Такое вот мирное время.
Хорошо хоть война почти не прекращалась, а то выдайся нашему Петру побольше лет мирного царствования, то, пожалуй, он и не остался бы у нас Великим Медным Всадником. А был бы свихнувшимся Всадником-Без-Головы, «запрометавшим» медную голову в тар-тарары.
Притча о Блудном Сыне
А как там наша Империя? А никак. Пирамиды не получилось, старая потешная компания развалилась, – многие скончались, погибли, были удалены-таки за воровство. Петр утешился счастливым браком с Екатериной, умилился любимым сыном Петром Петровичем, дочерьми. Это семейное удовлетворение, свойственное обычному человеку, совсем уж выбивало почву из-под имперского строительства. Семья не может и не должна заменять великую пирамиду, на вершине которой ты оказался наедине с Богом.
Но и семейные дела принесли Петру не только радость, но и страшную неприятность. Закрутилось «дело царевича Алексея». Вот как объясняет корни этого дела наш Историк.
«Божественный основатель религии любви и мира объявил, что пришел не водворить мир на земле, но ввергнуть нож среди людей, внести разделение в семьи, поднять сына на отца и дочь на мать. Те же явления представляет нам и гражданская история»...

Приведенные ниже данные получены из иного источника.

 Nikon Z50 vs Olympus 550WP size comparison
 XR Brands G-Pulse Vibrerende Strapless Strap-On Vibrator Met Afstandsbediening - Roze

Оставим на совести «основателя религии любви и мира» его людоедские парадоксы. Так или иначе, Алексей не поладил с Петром. Не оправдал сын папиных надежд. Не стал затевать потешных компаний и кампаний. Не впал в пьянство и разврат, избегал табака и мореплаванья. Во всем была виновата проклятая наследственность. То ли проявлялась в Алексее гнилая лопухинская кровь матери Евдокии, то ли звучал тишайший глас покойного деда Алексея Михайловича.
Да и Русь православная сильно надеялась на Алексея. Огромное, мощное, напряженное экстрасенсорное поле всея Руси концентрировалось на юном наследнике престола. Народ надеялся, что папашу свалит-таки его бесовская падучка, и страной станет править нормальный государь.
Алексею народные чаянья были не очень важны. Не очень. На него больше влияли воспоминания детства, обида и скорбь матери, повседневная кровавая действительность. Не хотел Алексей править так. Возможно, он никак не хотел править. Потому что если человек хочет править или тратить наследство, он сначала покорно дожидается кончины дорогого папаши, выполняя все его прихоти, а потом уж поворачивает по-своему. Мог Алексей походить в зеленом преображенском мундире? Мог покуролесить для вида? Мог. Но не стал.
В лице Алексея мы имеем, пожалуй, первый на Руси случай добровольного отказа от перспективы власти...
Тут почтенные приверженцы нашей Имперской Теории наверняка рассмеются: такого не бывает! Не иначе, Алексей был слаб на голову – в дядю Ваню и дядю Федю.
Нет, дорогие! Алексей знал несколько языков, много читал. «Бог разума тебя не лишил, – удивленно констатировал Петр, – но знай, что мало радости получишь, если не будешь следовать примеру моему».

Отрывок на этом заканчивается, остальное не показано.